>>>>

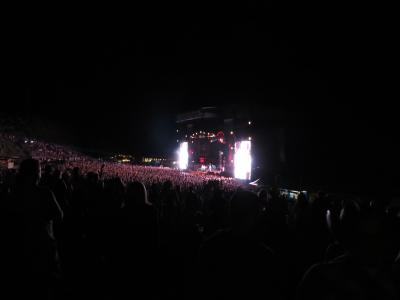 picture #9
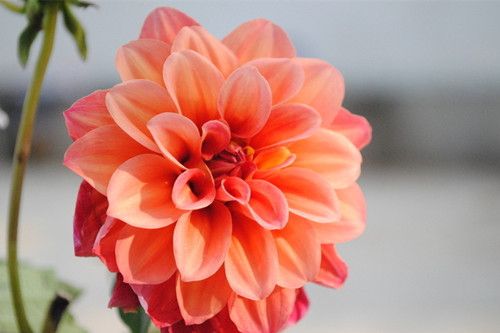 �����ݽŻ��������� 4��������������� www.027eat.com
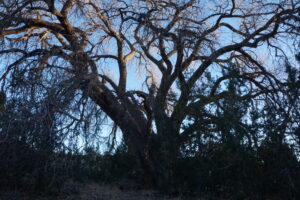 A majestic, sprawling tree with bare branches against a twilight sky, surrounded by dense foliage, showcasing the beauty of nature's resilience and tranquility.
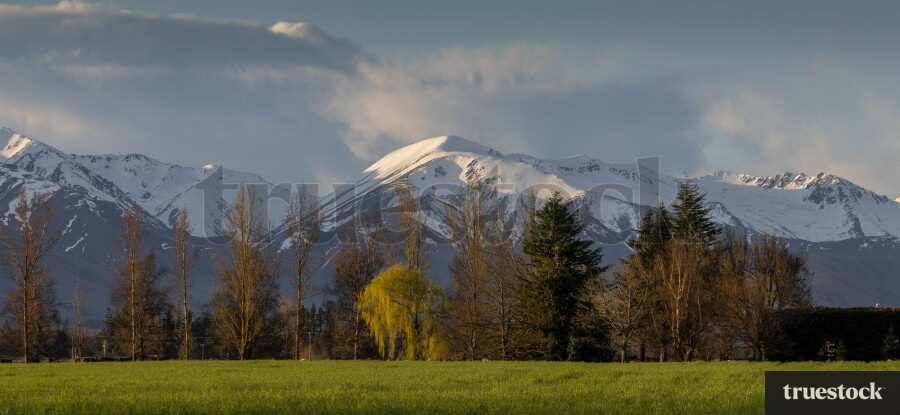 Farm Landscape in Timaru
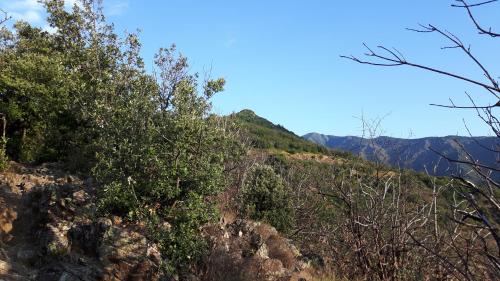 Aux Cyprès du Sud : mer et montagne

<<<<

# [WORK TO COMPLETE]
Omitting all pictures, copy the preceding entries without any alteration.

# [ANSWER BOX]
 picture #9
 �����ݽŻ��������� 4��������������� www.027eat.com
 A majestic, sprawling tree with bare branches against a twilight sky, surrounded by dense foliage, showcasing the beauty of nature's resilience and tranquility.
 Farm Landscape in Timaru
 Aux Cyprès du Sud : mer et montagne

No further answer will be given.